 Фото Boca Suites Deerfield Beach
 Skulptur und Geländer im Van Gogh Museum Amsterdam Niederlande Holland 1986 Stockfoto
...
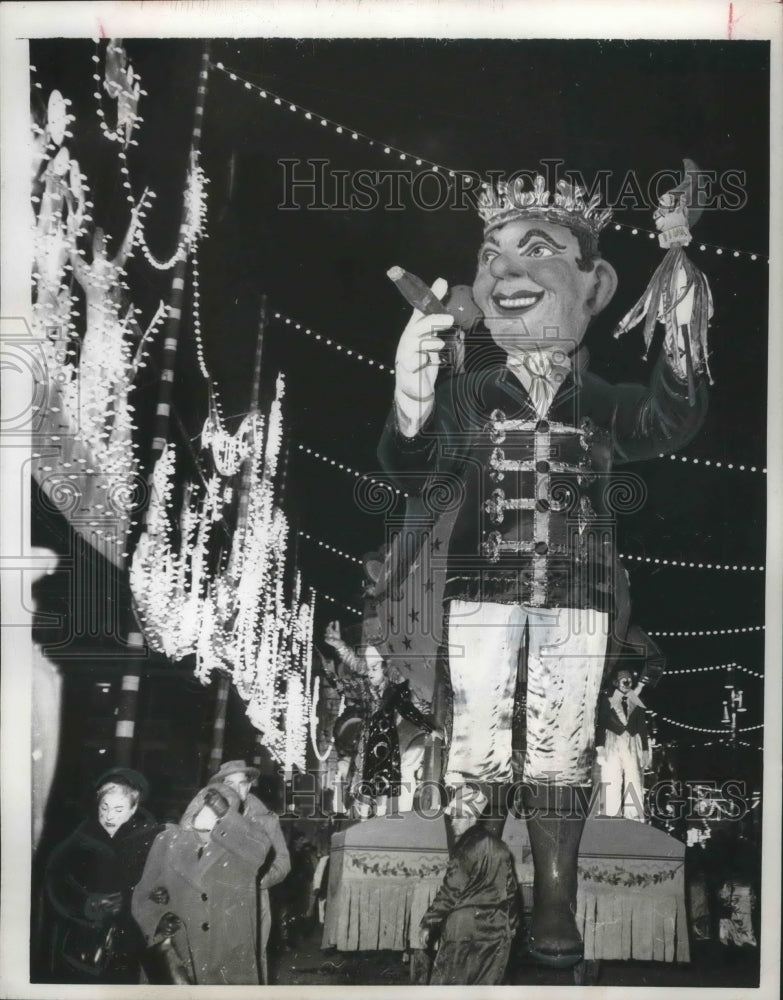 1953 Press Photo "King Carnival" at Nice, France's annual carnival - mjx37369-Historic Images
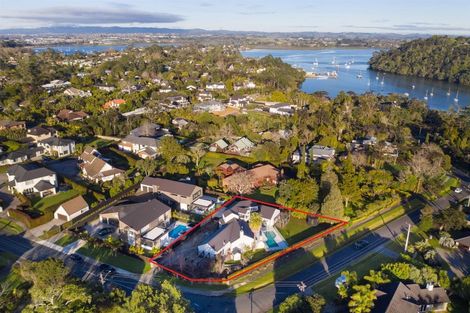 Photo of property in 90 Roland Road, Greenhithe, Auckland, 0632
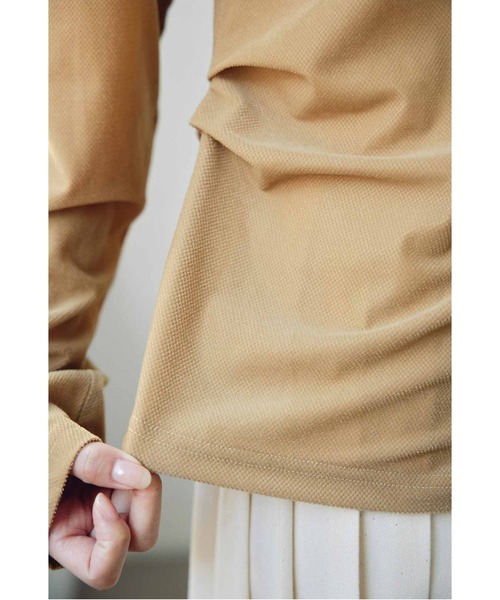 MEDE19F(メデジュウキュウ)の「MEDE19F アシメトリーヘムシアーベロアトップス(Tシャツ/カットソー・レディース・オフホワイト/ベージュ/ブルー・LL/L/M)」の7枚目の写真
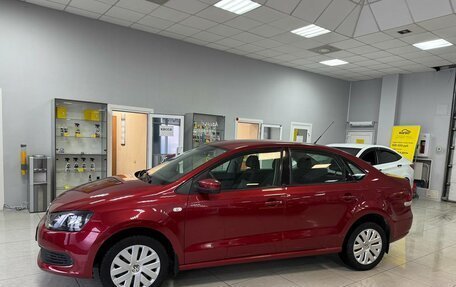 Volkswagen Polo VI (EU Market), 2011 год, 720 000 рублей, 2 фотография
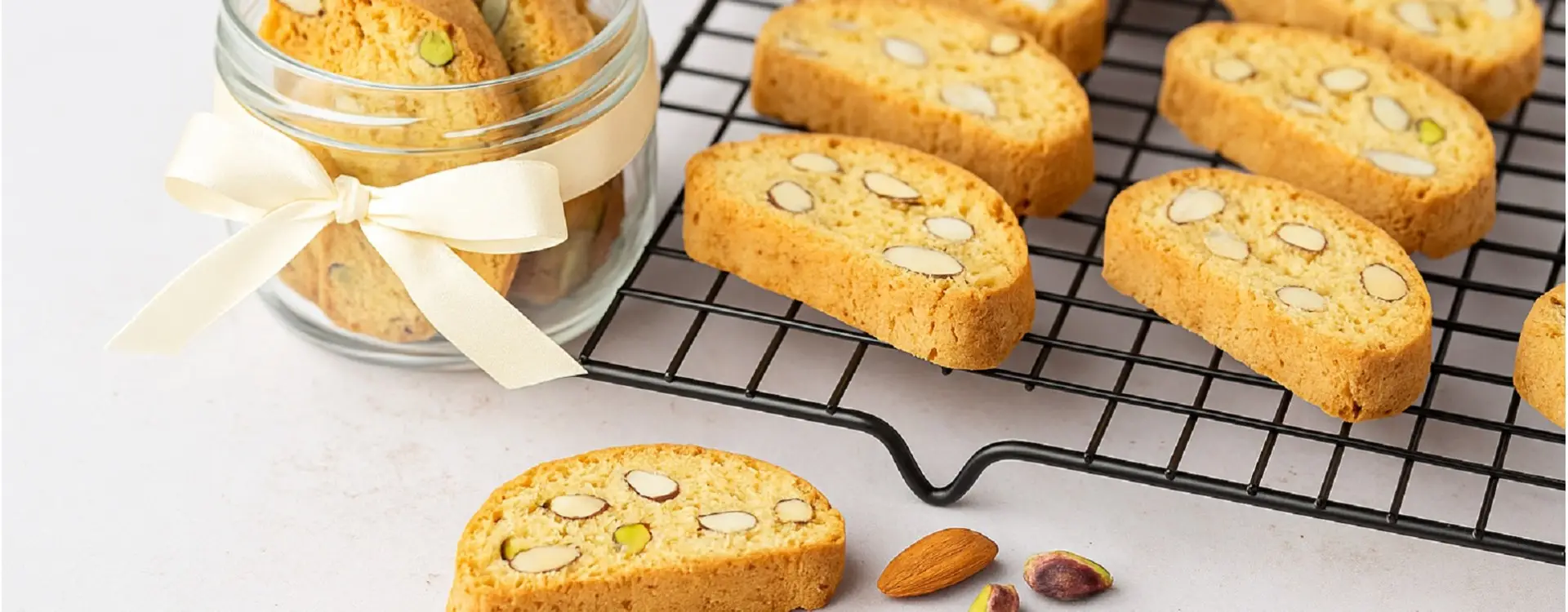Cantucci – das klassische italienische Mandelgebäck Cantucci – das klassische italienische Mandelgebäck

**TASK ITEM**
Reproduce exactly the lines of the data above that run from the line with "MEDE19F(メデジュウキ" down to the line with "Cantucci – das klassische italienische Mandelgebäck Cantucci", both ends included. Pictures do not belong in the copy.

**TASK SOLUTION**
 MEDE19F(メデジュウキュウ)の「MEDE19F アシメトリーヘムシアーベロアトップス(Tシャツ/カットソー・レディース・オフホワイト/ベージュ/ブルー・LL/L/M)」の7枚目の写真
 Volkswagen Polo VI (EU Market), 2011 год, 720 000 рублей, 2 фотография
Cantucci – das klassische italienische Mandelgebäck Cantucci – das klassische italienische Mandelgebäck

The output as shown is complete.